Finding the best data relevant to the analysis of contemporary social and political issues requires a basic familiarity with the kinds of data likely to be available from these sources. Social science research methods courses often give short shrift to this crucial stage of the research process that involves skills and expertise usually acquired by years of experience in specific fields of study. Too often, the data are a "given": the instructor gives a dataset to the students and asks them to analyze it. The concluding chapter of this book addresses the topic in some detail, but finding the best data is the subtext for all of the chapters and the examples and illustrations that follow.
Presenting the Data
Good data presentation skills are to data-based analysis what good writing is to literature, and some of the same basic principles apply to both. More important, poor graphical and tabular presentations often lead both readers and writers to draw erroneous conclusions from their data and obscure facts that presentations would reveal. Some of these practices involve deliberate distortions of data, but more commonly they involve either unintentional distortions or simply ineffective approaches to presenting numerical evidence.
The past two decades have seen the development of a substantial literature the art and science of data presentation, much of it following Edward R. Tufte's pathbreaking work, The Visual Display of Quantitative Information. With his admonitions to "show the data," "minimize the ink-to-data ratio," and avoid "ChartJunk," Tufte established many of the basic rules and principles of data presentation and demonstrates over and over again how effective a presentations combined with clear thinking can reveal truths hidden in the data. Howard Wainer's work extends Tufte's standards and demonstrates many errors that have ensued from statistical fallacies and faulty tabular and graphic design. Few research methods and statistics texts address these standards of data presentation in more than a cursory manner and many demonstrate some of the worst data presentation practices.

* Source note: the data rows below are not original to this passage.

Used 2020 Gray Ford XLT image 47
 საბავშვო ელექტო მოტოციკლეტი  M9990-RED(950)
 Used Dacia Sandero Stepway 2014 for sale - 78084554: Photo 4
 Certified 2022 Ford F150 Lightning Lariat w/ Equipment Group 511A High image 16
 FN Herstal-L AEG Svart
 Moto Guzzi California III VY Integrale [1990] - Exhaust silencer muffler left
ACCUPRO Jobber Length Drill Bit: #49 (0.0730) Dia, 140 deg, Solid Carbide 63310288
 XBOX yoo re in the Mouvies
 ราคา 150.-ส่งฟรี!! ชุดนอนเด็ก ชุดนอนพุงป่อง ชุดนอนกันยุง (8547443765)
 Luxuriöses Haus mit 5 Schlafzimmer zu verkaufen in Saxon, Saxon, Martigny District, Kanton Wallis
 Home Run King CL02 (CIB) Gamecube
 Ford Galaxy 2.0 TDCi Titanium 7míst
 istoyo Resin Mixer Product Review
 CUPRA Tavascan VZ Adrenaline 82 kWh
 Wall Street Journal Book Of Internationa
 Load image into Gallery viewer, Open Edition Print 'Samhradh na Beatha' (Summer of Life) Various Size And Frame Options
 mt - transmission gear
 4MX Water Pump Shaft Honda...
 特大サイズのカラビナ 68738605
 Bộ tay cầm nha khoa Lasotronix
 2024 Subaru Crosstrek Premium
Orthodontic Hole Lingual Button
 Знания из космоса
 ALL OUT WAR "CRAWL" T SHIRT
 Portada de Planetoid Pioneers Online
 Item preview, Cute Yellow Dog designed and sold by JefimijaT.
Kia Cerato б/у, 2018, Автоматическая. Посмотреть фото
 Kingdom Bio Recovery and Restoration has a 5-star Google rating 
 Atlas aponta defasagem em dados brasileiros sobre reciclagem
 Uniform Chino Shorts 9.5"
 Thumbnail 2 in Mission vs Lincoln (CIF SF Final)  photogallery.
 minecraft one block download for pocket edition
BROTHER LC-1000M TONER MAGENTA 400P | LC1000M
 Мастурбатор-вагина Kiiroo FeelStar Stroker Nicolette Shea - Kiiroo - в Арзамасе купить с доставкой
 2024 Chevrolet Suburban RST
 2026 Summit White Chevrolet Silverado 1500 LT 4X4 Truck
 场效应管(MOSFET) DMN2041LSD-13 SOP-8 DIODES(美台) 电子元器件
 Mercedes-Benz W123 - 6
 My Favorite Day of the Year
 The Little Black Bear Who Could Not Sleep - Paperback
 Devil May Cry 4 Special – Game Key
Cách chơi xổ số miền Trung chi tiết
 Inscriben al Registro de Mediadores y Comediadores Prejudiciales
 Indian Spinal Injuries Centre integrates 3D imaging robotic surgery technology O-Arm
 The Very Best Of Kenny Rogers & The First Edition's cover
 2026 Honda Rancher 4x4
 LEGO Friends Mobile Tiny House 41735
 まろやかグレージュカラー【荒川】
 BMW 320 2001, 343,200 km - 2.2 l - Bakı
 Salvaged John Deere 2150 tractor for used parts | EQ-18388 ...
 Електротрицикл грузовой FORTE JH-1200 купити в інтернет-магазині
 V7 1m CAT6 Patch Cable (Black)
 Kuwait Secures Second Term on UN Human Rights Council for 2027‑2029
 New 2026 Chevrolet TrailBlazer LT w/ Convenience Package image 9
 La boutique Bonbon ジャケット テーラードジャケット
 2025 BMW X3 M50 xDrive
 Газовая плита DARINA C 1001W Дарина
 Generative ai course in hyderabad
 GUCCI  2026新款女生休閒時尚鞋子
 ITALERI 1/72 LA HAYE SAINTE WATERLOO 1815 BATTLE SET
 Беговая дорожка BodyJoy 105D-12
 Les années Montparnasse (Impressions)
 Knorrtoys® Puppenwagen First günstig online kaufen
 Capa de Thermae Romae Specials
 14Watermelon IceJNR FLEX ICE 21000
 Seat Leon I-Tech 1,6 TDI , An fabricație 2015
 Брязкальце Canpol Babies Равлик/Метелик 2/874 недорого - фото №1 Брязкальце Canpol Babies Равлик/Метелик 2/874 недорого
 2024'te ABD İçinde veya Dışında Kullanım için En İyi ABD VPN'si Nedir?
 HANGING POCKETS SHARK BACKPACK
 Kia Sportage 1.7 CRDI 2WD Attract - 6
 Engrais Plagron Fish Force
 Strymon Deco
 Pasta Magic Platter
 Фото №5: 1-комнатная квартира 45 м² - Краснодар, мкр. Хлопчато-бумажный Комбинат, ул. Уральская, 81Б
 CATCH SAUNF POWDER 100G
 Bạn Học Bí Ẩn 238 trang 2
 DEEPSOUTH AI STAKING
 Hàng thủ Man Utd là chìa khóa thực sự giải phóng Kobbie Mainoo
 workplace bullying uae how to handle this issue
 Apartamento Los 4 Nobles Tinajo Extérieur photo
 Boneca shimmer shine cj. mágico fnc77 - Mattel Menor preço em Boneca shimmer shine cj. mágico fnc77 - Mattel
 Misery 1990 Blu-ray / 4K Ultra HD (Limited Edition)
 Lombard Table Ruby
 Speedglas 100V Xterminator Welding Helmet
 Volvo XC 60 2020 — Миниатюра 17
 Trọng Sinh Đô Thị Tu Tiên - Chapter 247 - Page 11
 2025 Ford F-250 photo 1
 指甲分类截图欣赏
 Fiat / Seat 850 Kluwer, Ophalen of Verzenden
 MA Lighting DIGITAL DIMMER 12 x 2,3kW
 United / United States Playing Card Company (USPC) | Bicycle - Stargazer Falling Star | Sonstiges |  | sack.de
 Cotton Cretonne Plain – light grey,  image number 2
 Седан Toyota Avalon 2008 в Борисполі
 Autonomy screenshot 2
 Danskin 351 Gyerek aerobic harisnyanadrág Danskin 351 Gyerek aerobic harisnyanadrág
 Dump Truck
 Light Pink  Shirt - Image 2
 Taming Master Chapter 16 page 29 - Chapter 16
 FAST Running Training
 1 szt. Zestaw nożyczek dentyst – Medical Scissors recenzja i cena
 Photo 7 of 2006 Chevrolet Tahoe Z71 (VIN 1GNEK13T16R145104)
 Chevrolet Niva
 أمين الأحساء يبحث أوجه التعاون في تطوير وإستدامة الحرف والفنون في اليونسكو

Although the development of spreadsheet and other software has greatly simplified the tasks of tabular and graphical data presentation, it has also greatly facilitated some very bad data presentation practices.
Interpreting the Data
Good data analysis entails little more than finding the best data relevant to a given research questions, making meaningful comparisons among the data, and drawing sound conclusions from the comparisons. To evaluate arguments based on numerical evidence, one must assess the reliability and validity of the individual measures used and validity of conclusions drawn from comparisons of the data. Assessing the reliability and validity of social indicator measurements requires that one understand how the data are collected and how the indicators are constructed. Many research methods and statistics texts address issues of measurement merely as matters of choosing the appropriate level of measurement for variables (nominal, ordinal, or interval) and of calculating sampling error. As a practical matter, such issues are usually irrelevant or trivial when one undertakes just plain data analysis. With just plain data analysis, almost all of the data are interval measures, in the form of ratios, percentages, and means, even if the base question for the indicator is nominal or ordinal. Measures of sampling error usually constitute the least important aspect of measurement reliability. In chapter 1 we will see that the least reliable measures of crime rates, based on the FBI Uniform Crime reports, have far less sampling error (actually no sampling error) than the more reliable measures based on the National Crime Victimization Surveys. The same thing occurs with the measurement of educational achievement discussed in chapter 5: the No Child Left Behind tests of all students are shown to be less reliable than the National Assessment of Education Progress tests based on national samples of students. Although assessing sampling error sometimes has a crucial role in some data analysis, in both academic research and news reporting the emphasis on sampling error often conveys a false sense of the reliability of data and distracts attention from more serious measurement problems.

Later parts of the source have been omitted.